TAÜG, Türkiye için çalışacak
Türk Araştırma Üniversiteleri Güç Birliği’nin (TAÜG), Türk araştırma, inovasyon ve yükseköğretim sektöründe atılması gereken adımları belirlemek üzere çalışmalar yapması ve ortak girişimler başlatması hedefleniyor.
Türkiye’deki benzer profile sahip araştırma ağırlıklı diğer üniversitelerin katılımıyla daha da güçleneceği öngörülen TAÜG’ün, Türkiye’deki ve Avrupa’daki ilgili kurumlar ile işbirliği içinde çalışarak Türk üniversitelerinin yurtdışında tanınırlığını ve rekabet avantajını artırıcı faaliyetler gerçekleştirmesi planlanıyor. Konferansın ilk gününde ortak bir de deklarasyon yayınlandı.
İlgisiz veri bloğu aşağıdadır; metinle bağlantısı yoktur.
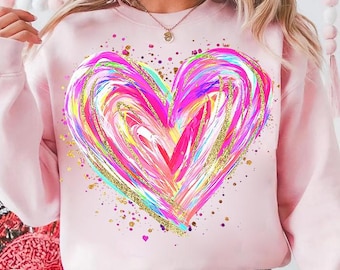 Cuore di San Valentino Png, Pennellate Colorate di San Valentino Png, San Valentino Retro Png, Amore Png, Ragazze San Valentino Png, Design Maglietta di San Valentino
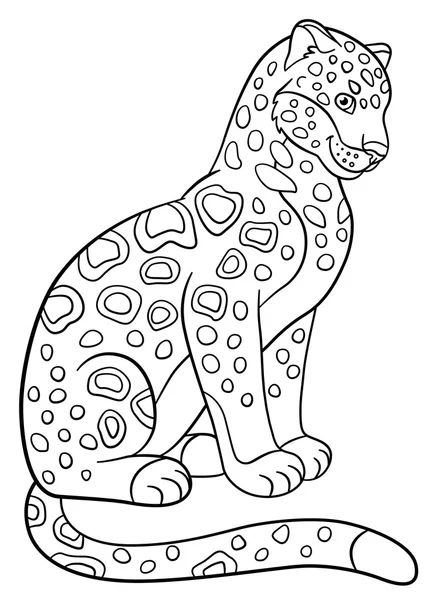 Coloring pages. Cute spotted jaguar smiles. — Stock Vector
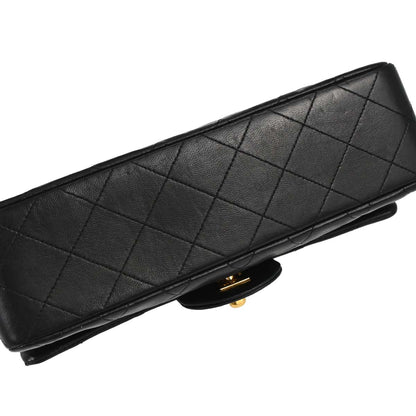 Chanel 1989-1991 Black Lambskin Small Classic Double Flap Shoulder Bag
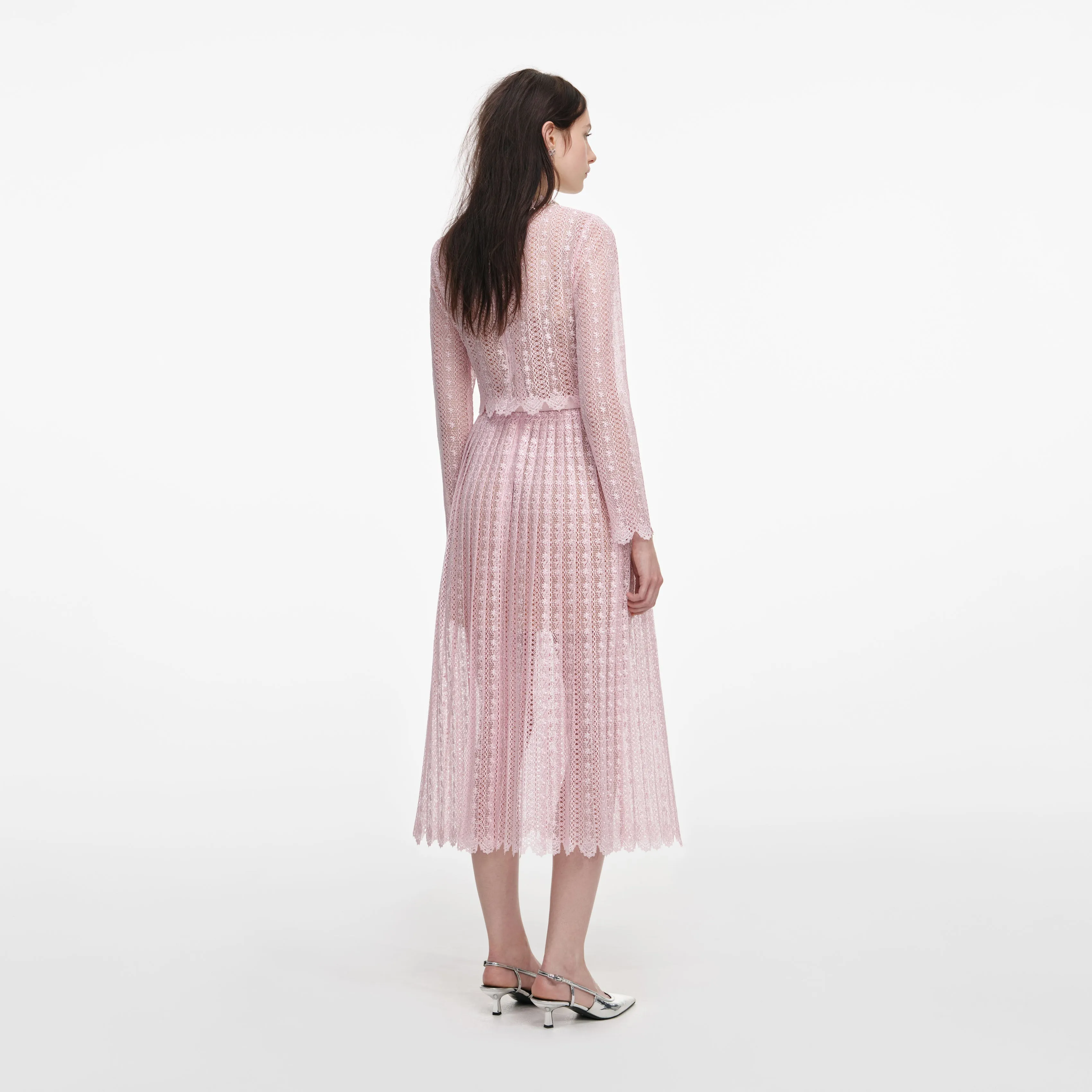 Pink Organza Lace Midi Dress sold by Self-Portrait product image thumbnail 3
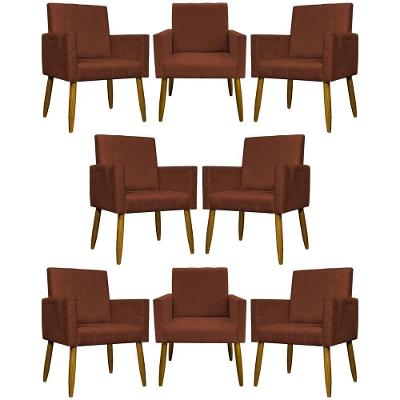 Kit 8 Poltronas Decorativas Mari Pé Palito Castanho - Terracota Suede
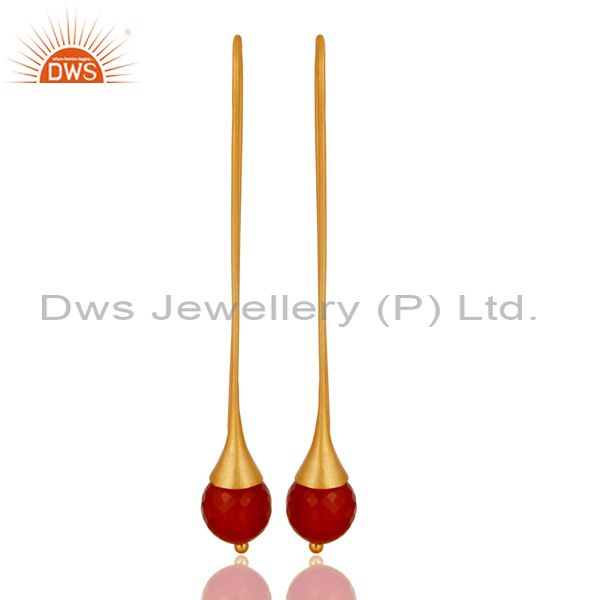 22K Gold Plated 925 Sterling Silver Red Onyx Faceted Dangle Earrings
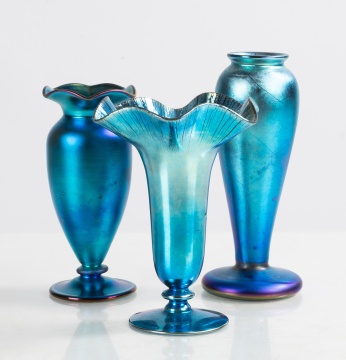 Steuben Blue Aurene Iridescent Vases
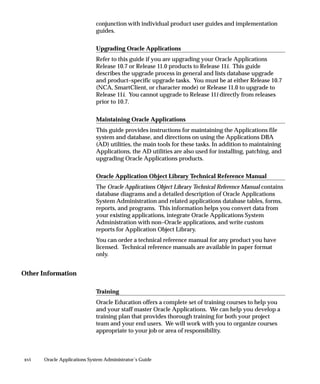 conjunction with individual product user guides and implementation
                              guides.

                              Upgrading Oracle Applications
                              Refer to this guide if you are upgrading your Oracle Applications
                              Release 10.7 or Release 11.0 products to Release 11i. This guide
                              describes the upgrade process in general and lists database upgrade
                              and product–specific upgrade tasks. You must be at either Release 10.7
                              (NCA, SmartClient, or character mode) or Release 11.0 to upgrade to
                              Release 11i. You cannot upgrade to Release 11i directly from releases
                              prior to 10.7.

                              Maintaining Oracle Applications
                              This guide provides instructions for maintaining the Applications file
                              system and database, and directions on using the Applications DBA
                              (AD) utilities, the main tools for these tasks. In addition to maintaining
                              Applications, the AD utilities are also used for installing, patching, and
                              upgrading Oracle Applications products.

                              Oracle Application Object Library Technical Reference Manual
                              The Oracle Applications Object Library Technical Reference Manual contains
                              database diagrams and a detailed description of Oracle Applications
                              System Administration and related applications database tables, forms,
                              reports, and programs. This information helps you convert data from
                              your existing applications, integrate Oracle Applications System
                              Administration with non–Oracle applications, and write custom
                              reports for Application Object Library.
                              You can order a technical reference manual for any product you have
                              licensed. Technical reference manuals are available in paper format
                              only.


Other Information

                              Training
                              Oracle Education offers a complete set of training courses to help you
                              and your staff master Oracle Applications. We can help you develop a
                              training plan that provides thorough training for both your project
                              team and your end users. We will work with you to organize courses
                              appropriate to your job or area of responsibility.



xvi    Oracle Applications System Administrator’s Guide
 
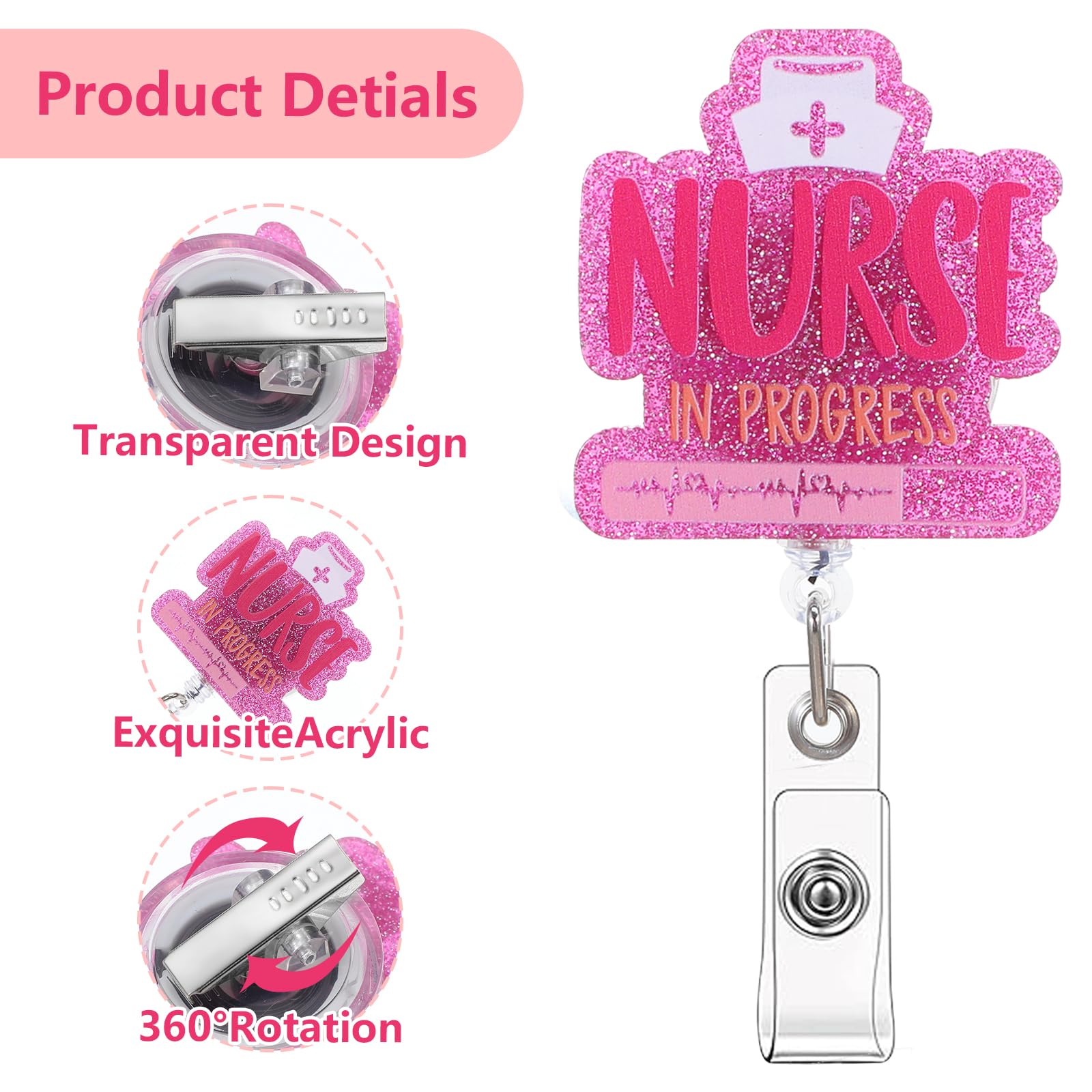 Lnngub 2Pcs Nursing Student Badge Reel,Nurse In Progress Badge Reel Badge Reel Holder Retractable with Clip Cute Nursing Id Card Badge Holder Bling Nurse Badge Reel Holder for Doctor Medical Assistant - Image 3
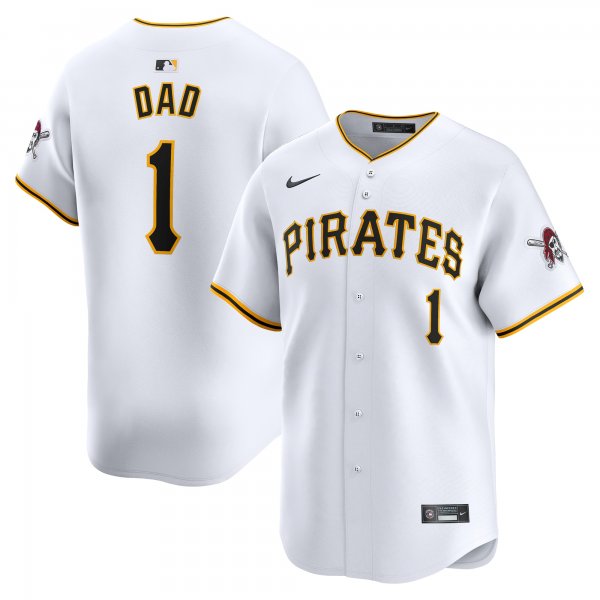 Men's Pittsburgh Pirates Nike White #1 Dad Home Limited Jersey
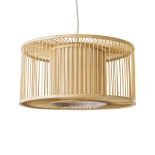 GloboStar® HIBISCUS 01935 Boho Κρεμαστό Φωτιστικό Πλέγμα Μονόφωτο 1 x E27 IP20 Μπεζ Ρατάν με Μπεζ Ξύλο - Μ40 x Π40 x Υ20cm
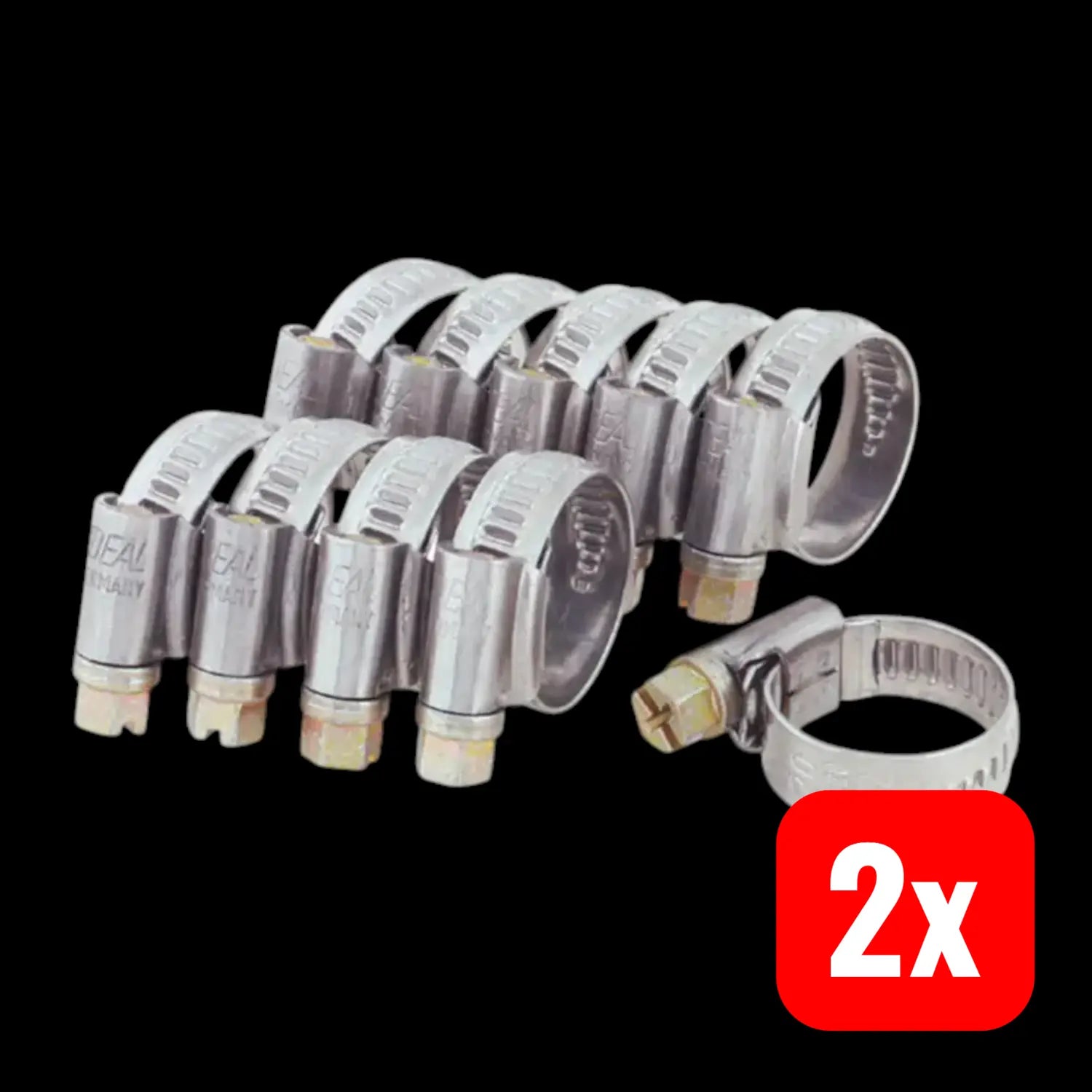 B-Ware Riegler Schlauchschelle Klemmschelle Set Chromstahl Schraube 12 Mm 10er 2 Sets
Deklarasyonda Türkiye Araştırma Üniversiteleri Güç Birliği’nin kurulması sürecinde, sözkonusu üniversitelerin çalışmalarının önemli bir kısmı Avrupa Araştırma Alanı’na odaklanacağı vurgulanırken bu kapsamda TAÜG’ün kısa vadeli planları şu şekilde sıralandı:
- Avrupa Araştırma Alanı önceliklerinin Türkiye’de uygulanabilmesi için rektörlerin liderliğinde Avrupa Araştırma Alanı Reform Gündemi’nin şekillendirilmesi,
- Üniversiteler, Bakanlıklar, YÖK, TÜBİTAK ve sanayinin yakın işbirliği ile eylem planlarının hazırlanması, hedeflerin belirlenmesi, Avrupa Araştırma Alanı önceliklerinin uygulanması ve bu alanlardaki ilerlemelerin takibi,
- Mevcut deneyimlerinden yararlanılması ve en iyi uygulama örneklerinin paylaşılması için başta European Research Universities (LERU) ve European University Alliance (EUA) olmak üzere Avrupa’daki kurumlar ile daha yakın işbirliğinin sağlanması,
- Avrupa kurumları ve paydaşları ile işbirliğini geliştirmek, Avrupa Birliği programlarına katılımı artırmak (özellikle HORIZON 2020 gibi araştırma ve yenilik programları),
- Avrupa’da politika geliştirme süreçlerine dahil olmak amacıyla Brüksel’de daha güçlü bir temsiliyet sağlanması.